Ridiculously easy opamp circuit not working

Ridiculously easy opamp circuit not working

(OP)
At my wits end here. I must be missing something incredibly basic. Thanks in advance.

I have wired up a simple non-inverting opamp circuit to a LM324A. I have a 10k potentiometer connected across the inverting input and output of the opamp, and a 2k resistor between the inverting input and ground.  

Next I have powered it with +9v and ground.

With only the two resistors and power connected, the output is pegged high (7.8V) no matter what I change the potentiometer value to (verified with a multimeter). What could be causing this?

When I feed it an input signal, nothing happens because it is pegged.

spec sheet:
http://www.fairchildsemi.com/ds/LM/LM324A.pdf

RE: Ridiculously easy opamp circuit not working

While I believe there are voids in the universe that pass over my workbench (and others)on occasion that cause the rules of physics to violate themselves, this state doesn't last very long.   The first thing to rule out is the belief that "I've done nothing wrong."  Maybe a bad chip, wires are on the wrong pins, started with pin 1 as the wrong pin.  First thing to try is to set one input at mid voltage with a simple voltage divider (power to ground).  Then use the pot as a second voltage divider on the other input.  About the middle of the pots rotatation you should see the output flip as the op amp acts as a simple comparator.  This transition occurs when the difference is less than a milivolt.  Something to remember!  In most circuits, seeing a measurable difference between the two inputs indicates something is wrong.

RE: Ridiculously easy opamp circuit not working

You say nothing about your non-inverting input. Where is it connected before you apply the input signal? Try connecting it to V+/2 if you haven't already. There was a problem with latch up in the original (NS) LM324 if you left the inputs floating - may still be there, the schematics look very much the same now as back in the seventies.

Another thing that you should check is power. Remember that Gnd goes to the "top" pin and Vcc to the "bottom" pin. That is opposite to intuition and often connected wrong.

Gunnar Englund
www.gke.org

RE: Ridiculously easy opamp circuit not working

Good idea opera.

My thoughts:

If the pot is really a 100K pot then the gain would be so high that any signal will peg the output.

The pot may be open/faulty.  This makes your amp a comparator with the reference voltage set at zero.  Hence any signal will trip the comparator pegging the output.

RE: Ridiculously easy opamp circuit not working

The inverting input should be connected to a regulated +4.5V virtual ground, not ground, or the (-) supply should be connected to a -9V supply.



Mike Halloran
Pembroke Pines, FL, USA

RE: Ridiculously easy opamp circuit not working

Yes, all of the above.

If you are using a single 9v supply referenced to ground, then both the input signal and the output signal plus feedback should all be referenced to +4.5v somehow.

Another way to do it is to leave the circuit as it is, and supply the +ve pin from one battery (-ve connected to ground), and the -ve supply pin from a second battery (+ve connected to ground).

The LM324 then operates from +ve and -ve supplies and both the input signal, and the output signal will be with respect to ground.

RE: Ridiculously easy opamp circuit not working

GUYS, Guys, guys, you need the +V/2 ONLY IF you want to amplifier an AC signal it is most definitely NOT needed for a DC non-Inverting amplifier application.

Thomas Frederiksen would be shocked to find out you needed a split rail..  (LM324 designer)

RE: Ridiculously easy opamp circuit not working

Smoked, smoked, smoked...

It is a 10 k pot.

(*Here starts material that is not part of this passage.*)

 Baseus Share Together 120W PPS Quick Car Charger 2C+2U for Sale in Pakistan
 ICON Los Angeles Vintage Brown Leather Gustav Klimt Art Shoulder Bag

The gain will not be more than 1 + 10/2 = 6 times if the pot is at 100 %. (And no more than 51 times if it were a 100 k pot).

Connecting V+/2 is a good test. You can forget about (possible) latch-up and also offset voltage playing tricks. The latch up thing is very real - the amplification changed sig if you went above a certain common mode voltage. Haven't used the 324 for decades so I do not remember the details. They are hopefully better nowadays.

Still think that power is connected wrong way. Most guys that aren't used to this particular pin out do it wrong first time.

Gunnar Englund
www.gke.org

RE: Ridiculously easy opamp circuit not working

Yeah skogs I've reversed those on occasion.  Its right up there with putting in EPROMs backwards and the pretty light that comes out of the window signaling total annihilation.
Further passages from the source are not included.